DIY Fantasy Word Problems

1.    Pick a fantasy character (princess, superhero, alien. I’ll pick the princess)

2.    Brainstorm people or things that would be in their setting.
(fancy ball, prince, knight, dragon, castle. I’ll pick the ball)

3.    Brainstorm activities that character might be involved in. What would be fun? What would be dangerous?
(Getting rescued, getting dressed up, picking a prince. I’ll pick “getting dressed up”)

4.    Brainstorm how math could be involved in that activity.
(Counting jewels. Going shopping. Measuring cloth for a gown. I’ll pick “going shopping”)

Here’s a simple word problem:

A king gave the princess $500 for her outfit to wear to the ball. She picked out a gown that cost $80, a ruby necklace that cost $100, a diamond ring that cost $300, and a pair of satin slippers that were $70. Will she have enough money to buy her outfit?

Draw a picture.  Customized high interest subject + word problems = fun!

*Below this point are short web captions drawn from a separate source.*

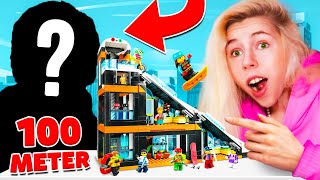 die SCHNELLSTE LEGO RAMPE der WELT mit GEHEIMEN YOUTUBER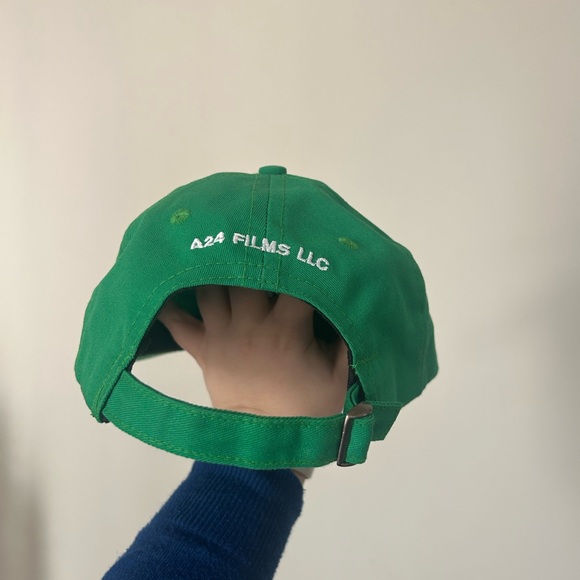 A24 Kelly Green Baseball Cap - Picture 3 of 4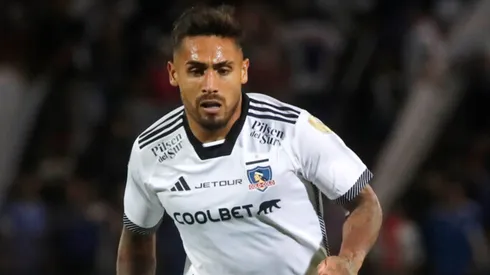 Marcos Bolados continuará en Colo Colo un sueldo muy superior al que ganaba (Foto: Photosport)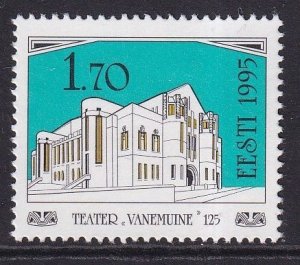 Estonia  #293  MNH  1995  Vanemuine theatre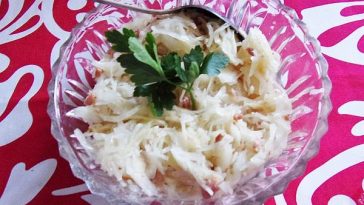 Bacon Cabbage / Coleslaw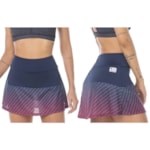 Conjunto Rainha Beach Tennis Camiseta + Short Saia Feminino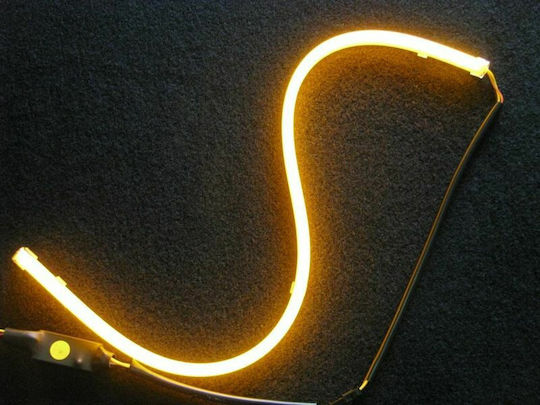 Decorative LED Car Headlight Strip White Color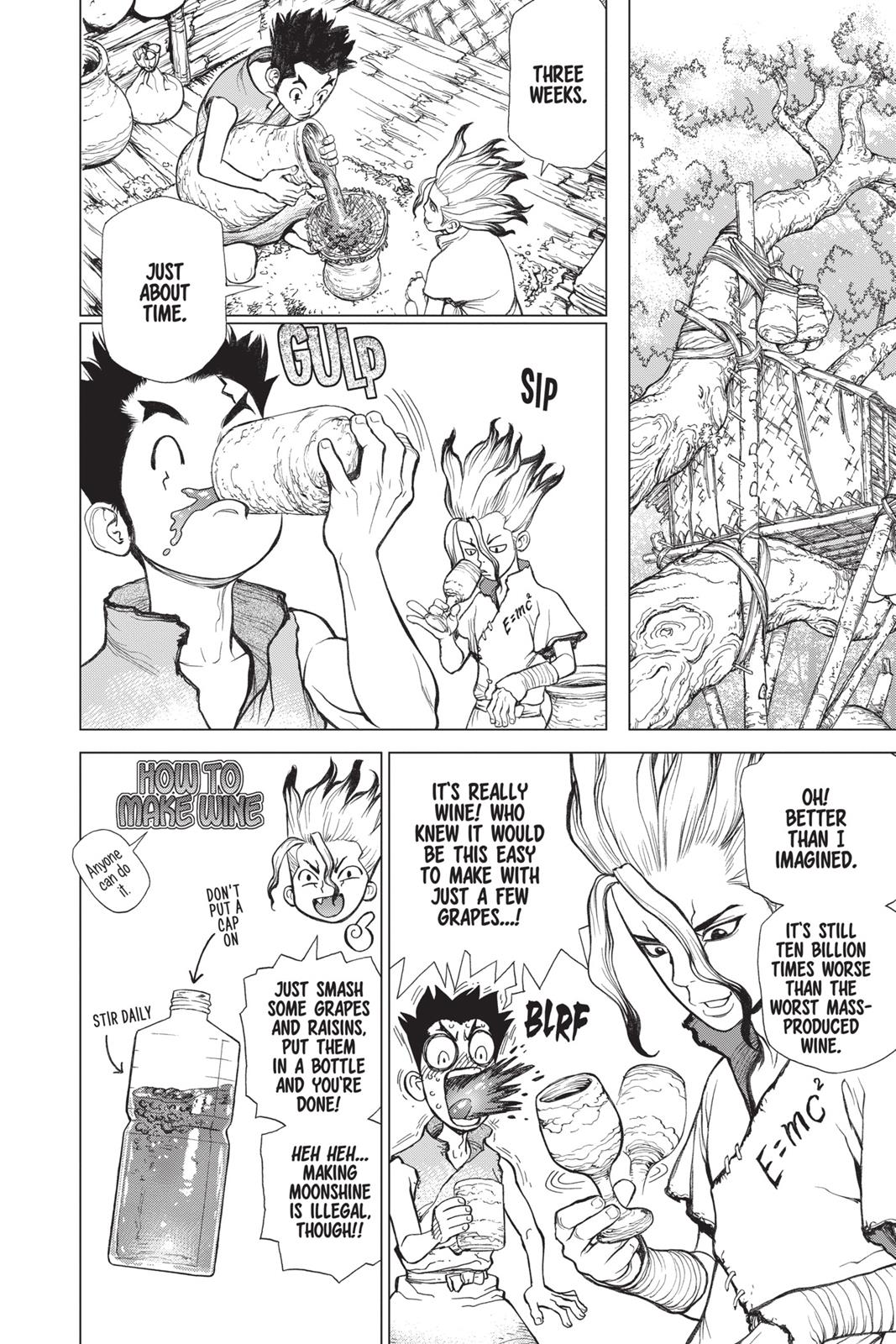 Read Dr Stone En Manga Online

Here we are having fun at the CSLA conference last weekend in Ontario. You can't see any copies of Tyrannosaurus Math because they were sold out! Librarians rock.

Saturday, November 21, 2009

Your Book - On the Analyst's Couch

Have you ever put your manuscript or book under psychoanalysis?

I asked myself why I wrote Tyrannosaurus Math – which is a very different question than how I got the idea.  As I told Rex Green during our interview, I’ve always been a huge fan of Tyrannosaurus Rex. But why did he pop up as the main character in my book? He was a symbolic way of “attacking” math (my least favorite subject in school). He was a joyous way of channeling years of pent up frustration with boring word problems. For me, it was perfect casting.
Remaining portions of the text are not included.